WAW,

Thanks for all your cander and thoughts and comments. I know as a LBS that my wife asking for "space" was a very vague request to me and completely counterproductive to "fixing our marriage." One of the most descriptive statements that she made at the time of the bomb tho' was "I need to work on the 'me' before I can work on the 'we'." Unfortunately the trama of the bomb was so great to me emotionally and mentally that I didn't understand what she was saying until after she was no longer willing to "work on the we."

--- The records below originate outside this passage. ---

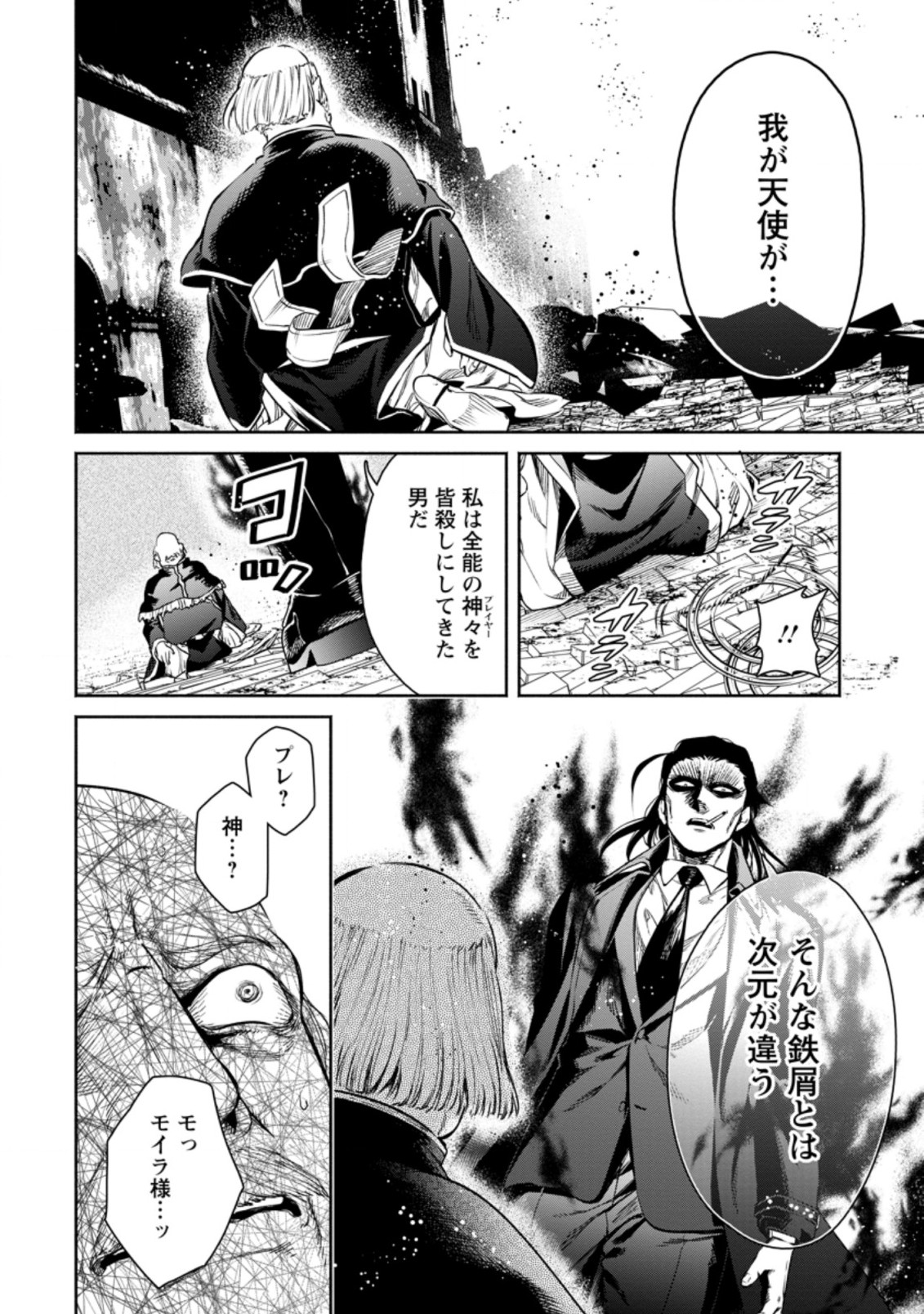 Maou-sama, Retry! R Chap 12.2 - Next Chap 13.2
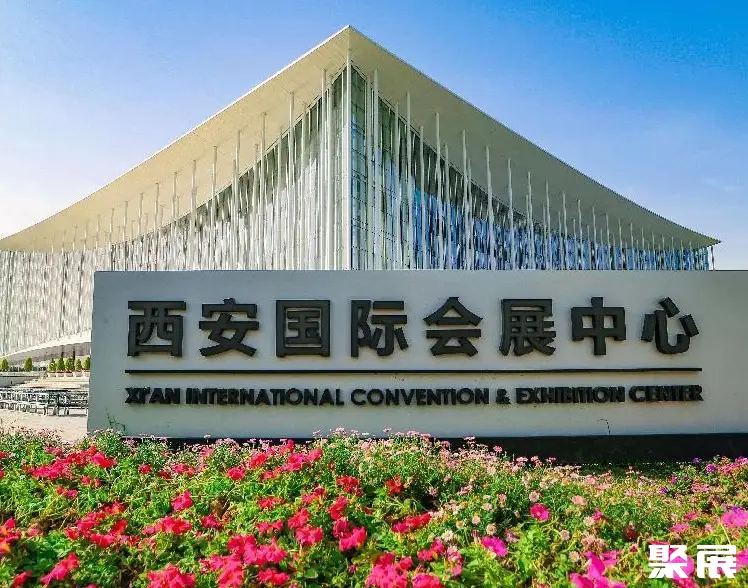 西安国际会展中心展馆图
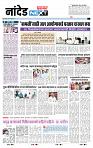 page- 3
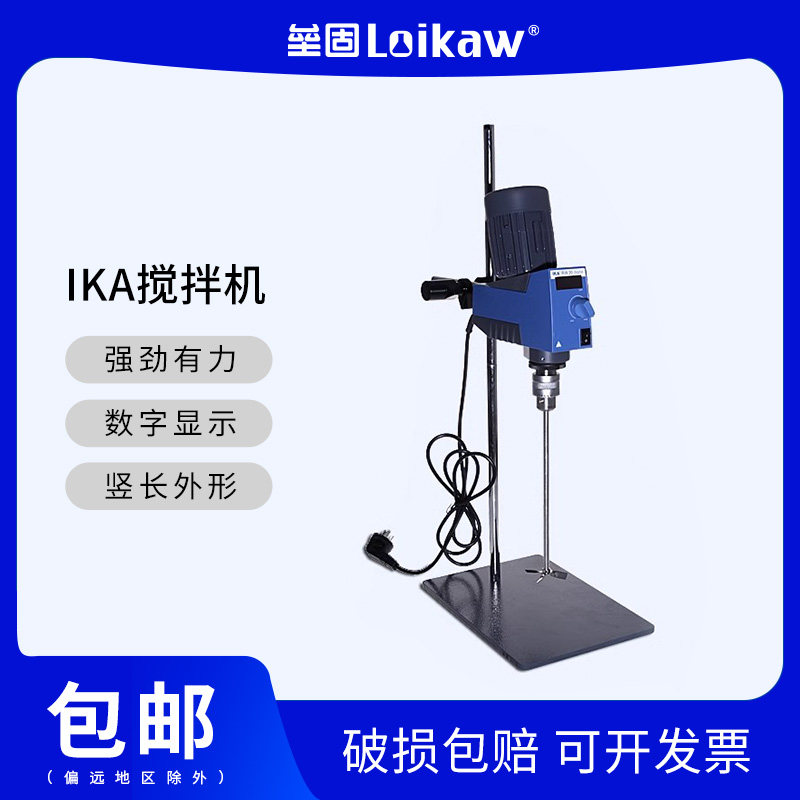 IKA数显悬臂搅拌机RW 20.Digital实验室顶置式机械搅拌器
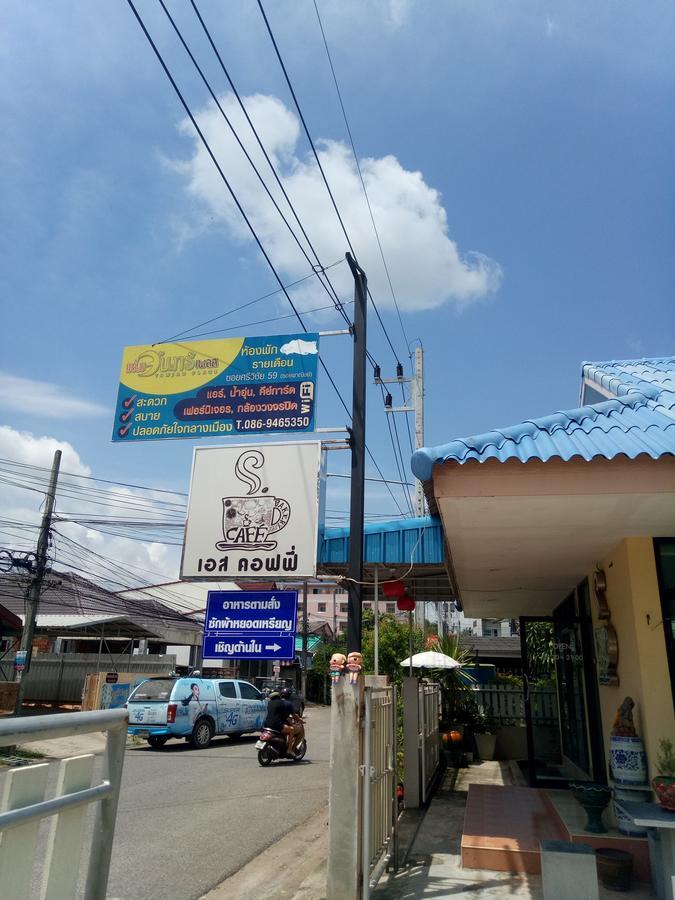 Yamjan Place Szuratthani Kültér fotó
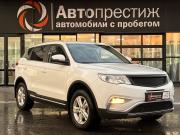 Geely Atlas I Волгоград  - изображение 24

I don't know what the best way to explain this concept of "space" to an LBS, but I do know that anything you CAN do to show effort and work on your marriage while you sort out your feels and yourself and have your "space" the better from an LBS perspective. Seeing my wife doing anything positive about our relationship or putting in any effort went a long ways to counterbalance the issues surrounding her need to withdrawl further to sort out her own issue. It is hard for me as an LBS to just watch my wife run further and further away in the pursuit of space or in reaction to my pursuing her, it just leaves a big vacuum where our marriage was/should be. Anything that can be done to keep some flames or smoke alive in your marriage while you sort things out or while he works on himself, etc. the better. Personally I've found that working on myself and my marriage are in many ways intergral to each other since in a long term marriage I've affected my marriage and my marriage has affected me, we're inter-related and I don't think the health thing to do is to have to completely break that marriage and inter-relationship in order to fix myself (or for my spouse to fix herself). Anything that can be possibly done within the context of your marriage and your relationship the better. My wife attended 2 MC sessions with my IC, even tho' my wife didn't seem to be at all looking for answers to sort out our marriage, it did help me in my IC work to have her there talking about me and my issues, my wife knows me better than myself. Even if we made little to no progress MC-wise it certainly helped me personally and I would think her personally.

Anyhow, not sure if I got my thoughts written out in an understandable manner, but the bottom line for me as an LBS, trying to understand my wife coming to me and saying "our marriage is broken" and then I try to do everything to rebuild it and reconnect while my wife is busy cutting all the connections and breaking what is left in the marriage in her quest for space and breathing room and self-discovery. There has to be a more cooperative manner to do what each of you needs without more destruction, but I'm not sure what all the answers are since I only have perspective from my LBS POV.